The Crime Prevention Website

Thanks to our friends in Thames Valley Police for bringing this article in Public Service.co.uk to our attention.

The new President of the Police Superintendents' Association of England and Wales, Chief Superintendent Irene Curtis, has said:

Although the Home Secretary has removed national policing targets, setting the mission for the service as 'reducing crime', the use of numerical targets persists in police performance management and appears to be embedded in the police psyche.

She went on to say that concentrating on achieving targets and outdoing peers rather than doing the right thing can lead to unintended consequences. Policing should not be a competition, she said, it should be collaborative and in the best interests of the public.

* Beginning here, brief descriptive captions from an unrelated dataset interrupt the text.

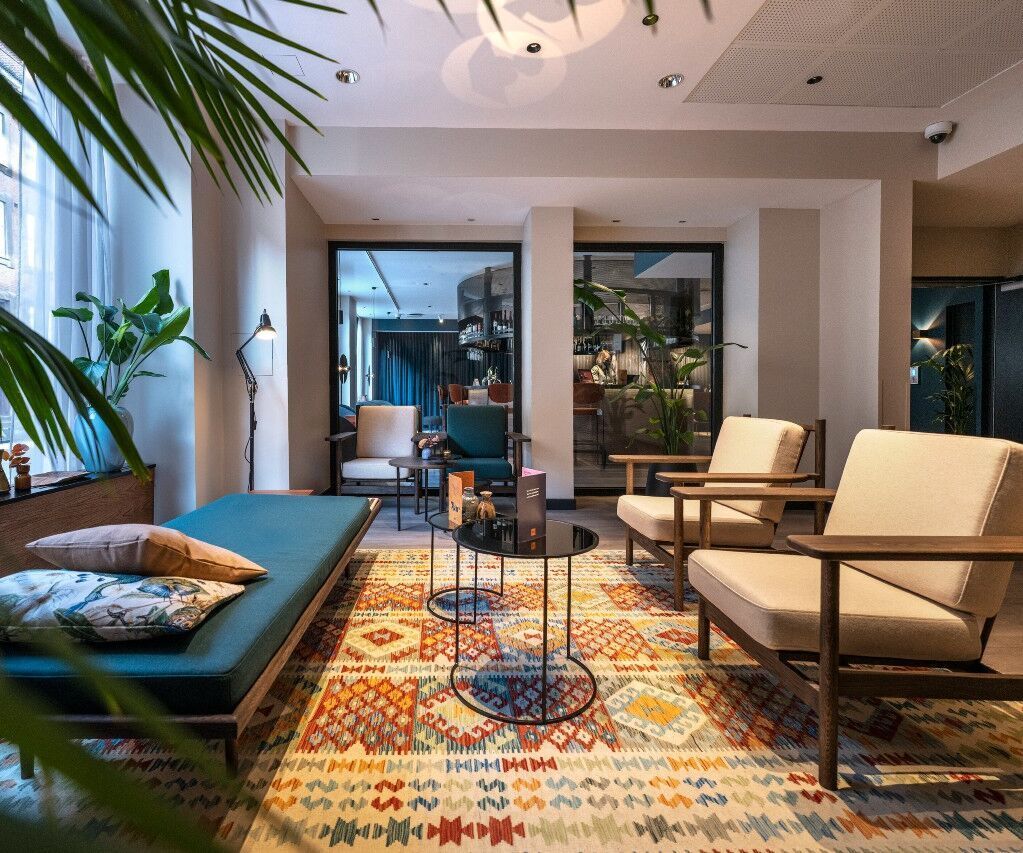 Hotel Kopenhagen Motel One lichtdurchflutete Lounge mit gemütlicher Sitzgruppe, bestehend aus Sesseln und Sitzbank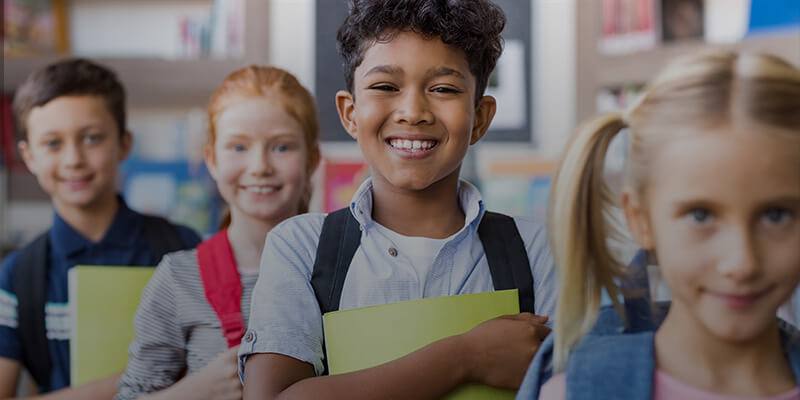 Happy students with book bags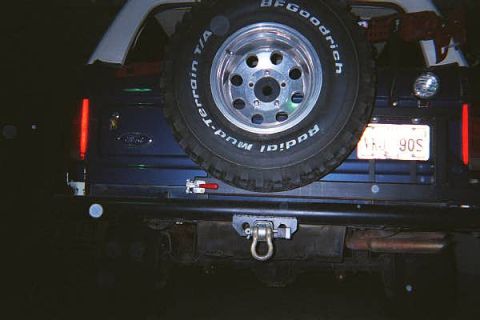 1986 Ford Bronco - Rear view of a 1986 Ford Bronco, a spare tire mounted on the tailgate and a tow hitch.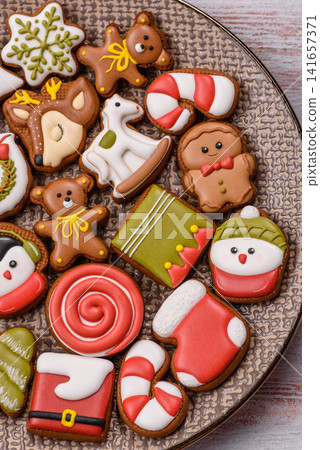 Gingerbread as a Christmas staple, sweet biscuits for the holiday. Gingerbread as a background Gingerbread as a Christmas staple, sweet biscuits for the holiday. Gingerbread as a background 141657371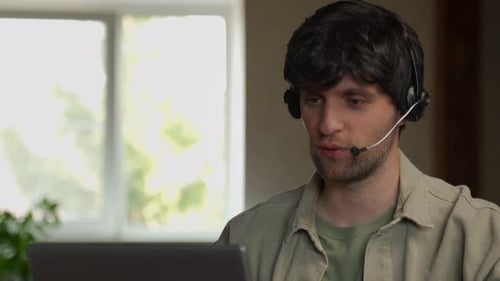 Joyful Young Adult Male Manager or Call Center Employee in a Headset Looks at a Laptop Screen While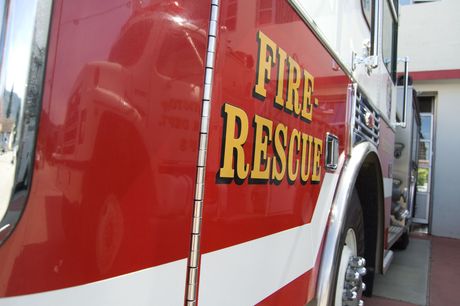 A red fire rescue truck is parked in front of a building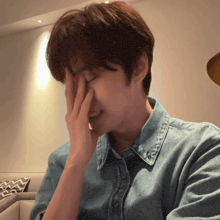 a man wearing a denim shirt covering his face with his hand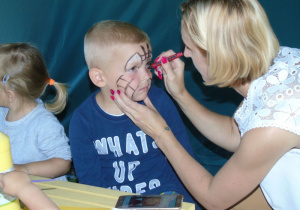 Kobieta maluje twarz chłopca kolorowyni pisakami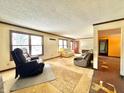 Spacious living room with large windows and neutral-toned walls at 6170 S County Road 675 E Rd, Plainfield, IN 46168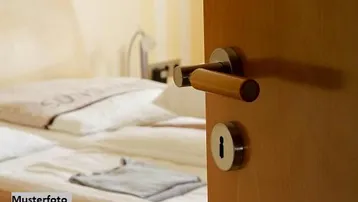 Gemütliches Schlafzimmer mit einem bequemen Bett und einer geöffneten Holztür, die Licht hereinlässt.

Calling for more common sense in policing, Irene Curtis said: "Radical changes are needed if we are to continue to effectively protect the public and deliver a police service that they deserve. This will mean increasing the capacity of a diminishing workforce.

Interesting thoughts and you can read the rest here at Public Service.co.uk http://www.publicservice.co.uk/news_story.asp?id=22453

TCPW Comment: Setting targets such as ‘we will reduce burglary by 5% this year’ is fraught with danger.  It tempts the police to perhaps record some burglary as some lesser crime or to not record them at all.  Burglary might reduce by 5% without any intervention by the police, maybe because ADT have been around the area and have successfully sold 180 new alarm systems.   The police might arrest a recidivist burglar responsible for 25% of the burglaries in the area and get him locked away only to realise that the three they locked away last year are back out and active again.  Two hundred new badly designed and insecure homes might become available in the course of the year affecting the crime levels.  There’s just too much out of the police’s hands.

We obviously still need a measure of crime so we can compare one year with the next and measurement is vitally important for crime prevention initiatives, so we can establish if what we did actually worked.

But target setting for police performance?  I’m with the Chief Superintendent!